Keeping many balls in the air is also a constant theme of the characters she plays, the latest of which, in Freedomland, is a modern mom trying to find out the fate of her missing son. Samuel L. Jackson plays the detective who helps her sort out the details as the case becomes a mess of racial tensions. The role is edgier than others she's had lately ‑- like the distraught mom in The Forgotten and the divorce lawyer in Laws of Attraction ‑- because it's based on the gritty book by Richard Price. But all of her film roles have had a distinct level of emotion even if the settings are more genteel.
Even when she played another '50s housewife last fall in The Prize Winner of Defiance, Ohio, after getting Oscar nominations for two of those roles in 2000 for Far from Heaven and The Hours, she infused a sense of passion and spirit into the character that lifted the film to a level where people were talking about her as an Oscar contender yet again. Playing Evelyn Ryan, a mother of 10 with an alcoholic husband, who supports her family by winning jingle-writing contests, could have made her seem typecast in the role of the struggling suburban mom.
"What's different about that role is that it's based on a true story," she says of Prize Winner. "The responsibility is entirely different. It's about how you bring the character to life in your own way, while remaining faithful to the spirit of who she was."
Moore's husband thinks these mother roles, particularly the '50s housewife ones, are just par for the course because Moore is so good at giving her characters an inner life. This is what shot her to fame in Todd Haynes's Safe in 1995 and attracted Freundlich's attention to cast her in his first movie, 1997's The Myth of Fingerprints.
"There's not a lot of opportunity for women of that generation in these films to express themselves verbally or make any big movements. They don't slap anyone or yell; they are always perfect. But Juli's able to communicate the brokenness ‑- the complexity ‑- behind that," he says.
Moore says that watching her mother go through some of the emotions of being "stuck" as a military wife, always following her husband through various posts, helped as well.
"She was married at 20," Moore says, "and only had a year of nursing school. It was just when things were changing, so I was quite aware as a teenager that there were things I took for granted that my mother didn't have ‑- that we had choices, that we could have an education, could have a family and a career."
While exploring these feelings on screen, Moore has learned lessons in her own life. She and Freundlich share parental duties, alternating work schedules so that only one of them is busy at a time. At least that's their goal.
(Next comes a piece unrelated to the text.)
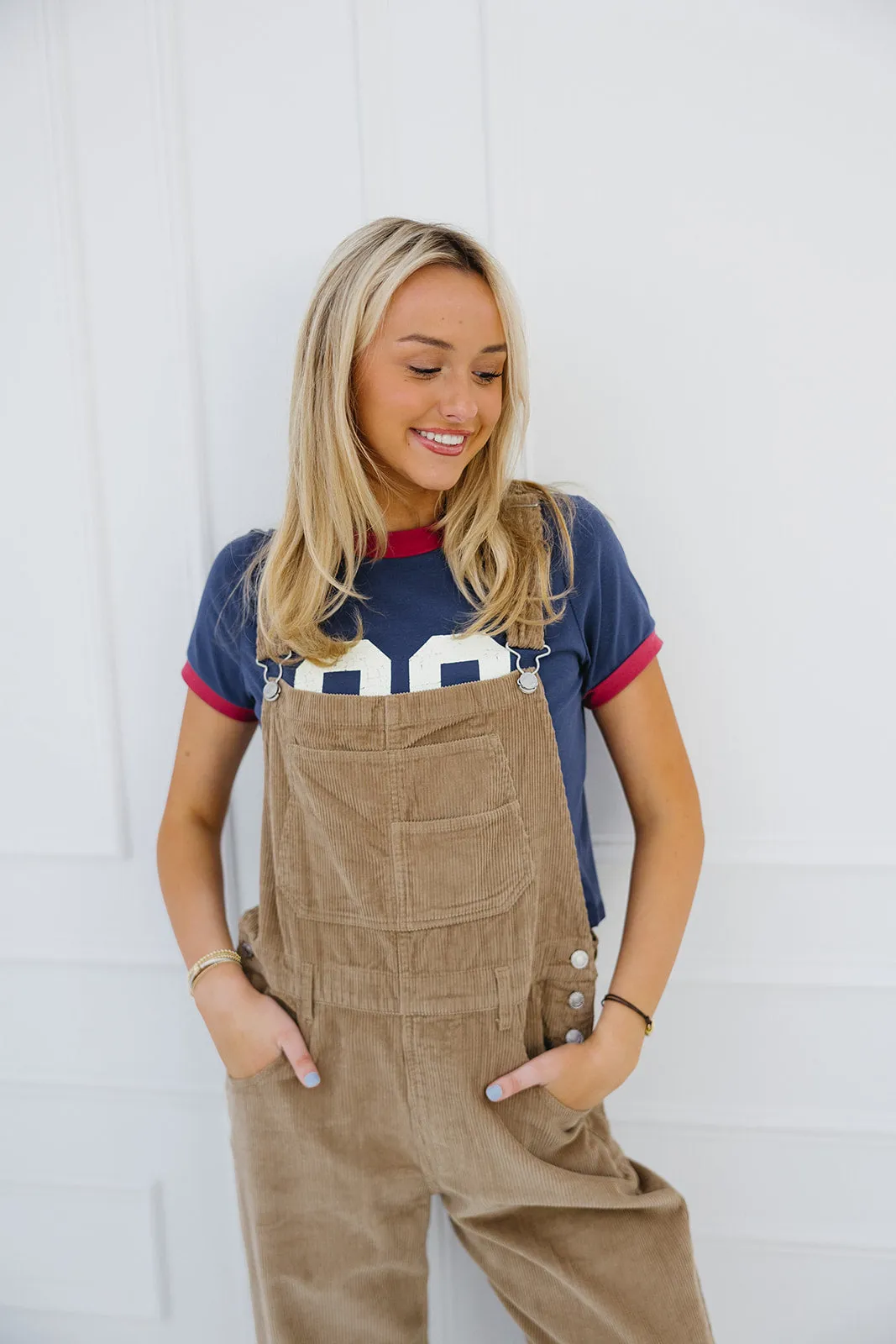 Kassidy Corduroy Overalls - Taupe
With both in demand, it doesn't always work out.
Last year, they ended up busy at the same time because Moore was starring in Freundlich's latest film, Trust the Man, playing an actress and mother of two kids the same age as hers (Liv makes a cameo in a final scene). That put the burden of the family on her shoulders, since directing is such a huge time commitment, and it put Moore in charge of their move to a new home.
When she chose to do Freedomland following that, it was because it was shooting nearby and during vacation, and she needed the "break." These days, that's what constitutes playtime to the working actress and mom.